In the upward fusion module, the global feature layer Ci(i = 1, 2, 3) and the local feature layer Si outputted from the two-branch feature extraction network are fused through the MFFM to obtain the one-stage fusion feature layer FFi. then the smaller-size FFi is sequentially fused with the larger-size FFi−1 through the bottom-up path to obtain the two-stage fusion feature layer SFi−1. The core structure of the upper fusion module is the MFFM, as shown in Fig. 5. In MFFM, the global feature layer will be input into the channel attention, which utilizes the interdependence between channel mappings to improve the feature representation of specific semantics, which helps to reduce noise interference and enhance the robustness of image detection. The local feature layer is input into the spatial attention, which enhances the local details and suppresses irrelevant regions by adjusting the weights, thus improving the accuracy of image detection. Finally, the global and local feature layers after applying attention are fused. In the downward fusion module, the larger SFi is sequentially fused with the smaller SFi+1 through a top-down path, which outputs three three-stage fused feature layers with sizes of 13 × 13, 26 × 26, and 52 × 52.

Fig. 5
figure 5

MFFM network structure.

Data set

More than 7000 rock core images with good diversity were collected at the project site, containing rock core types of different integrity, color, texture, and background complexity, which is beneficial for constructing a RCI prediction model with good generalization performance. Some of the rock core images are shown in Fig. 6.

Fig. 6
figure 6

Rock core image.

The length and width of the images are adjusted to be the same when inputted into the network.

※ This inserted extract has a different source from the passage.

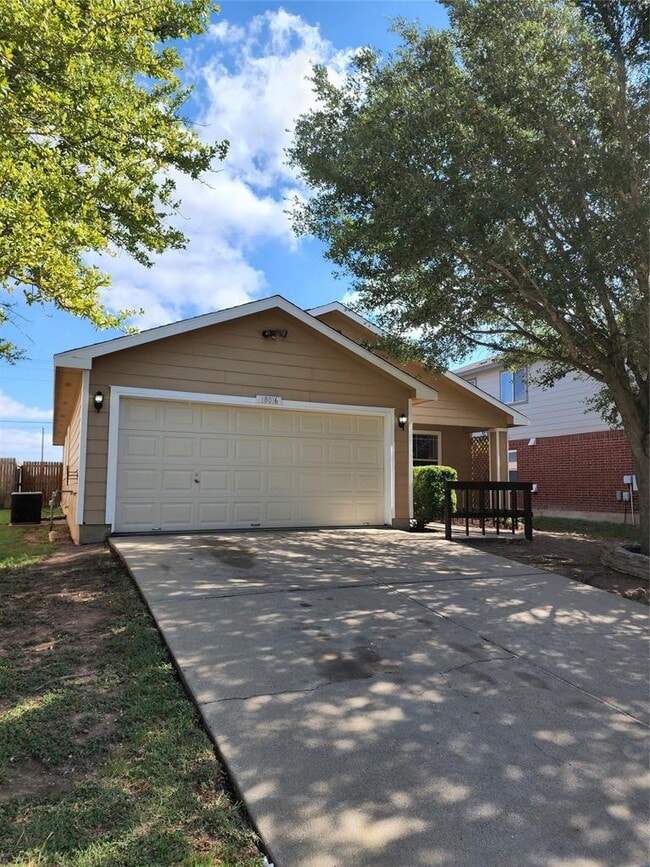 Primary Photo - 18016 Honey Locust Ln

However, the rock core image is generally presented as a long strip, which will lead to distortion in length compression if it is inputted into the network alone, as shown in Fig. 7a. To avoid this phenomenon, the horizontal splicing method is adopted in this paper to preprocess the images, as shown in Fig. 7b. A total of 973 spliced images of rock cores with similar length and width are obtained with a size of 640 × 640, which are divided into 60% training set, 20% validation set and 20% test set. Then, the LabelImg annotation tool was used to label the fissure regions in the rock core images (drawing bounding boxes and marking category information) (Fig. 7c) to obtain the final dataset.

Fig. 7
figure 7

Data set construction method.

Rock core fissure identification experiments

The experiment mainly consists of the following two stages: (1) Comparison experiment of rock core fissure identification: with the data set constructed in this paper as the basis, seven target detection algorithms are selected to conduct a comparison experiment with the algorithms constructed in this paper, to verify the effectiveness of IDA-RCF in identifying the fissures of different geological, integrity, and background conditions. (2) Ablation experiment: the effect of Deformable Convolution, Two-branch feature extraction network, and MFFM adopted in this paper are tested through ablation experiment.

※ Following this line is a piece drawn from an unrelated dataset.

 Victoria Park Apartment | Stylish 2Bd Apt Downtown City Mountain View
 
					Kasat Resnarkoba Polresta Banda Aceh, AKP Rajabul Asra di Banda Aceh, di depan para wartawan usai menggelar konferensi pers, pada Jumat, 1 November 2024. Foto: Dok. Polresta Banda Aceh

Comparison experiment of rock core fissure identification

Comparison network

To compare the effectiveness of IDA-RCF for rock core fissure identification task, seven well-performing target detection networks were selected for comparison. A brief description of each network is given below:

DETR16: This network is constructed with the Transformer architecture, which utilizes the global attention mechanism to perform target detection for the first time.

Faster-RCNN17: a two-stage network which first generates candidate regions by Region Proposal Network and then performs fine-grained classification and regression on these candidate regions.

EfficientDet18: it combines EfficientNet as the feature extractor and BiFPN as the feature fusion module, which drastically reduces the computational complexity while maintaining high accuracy.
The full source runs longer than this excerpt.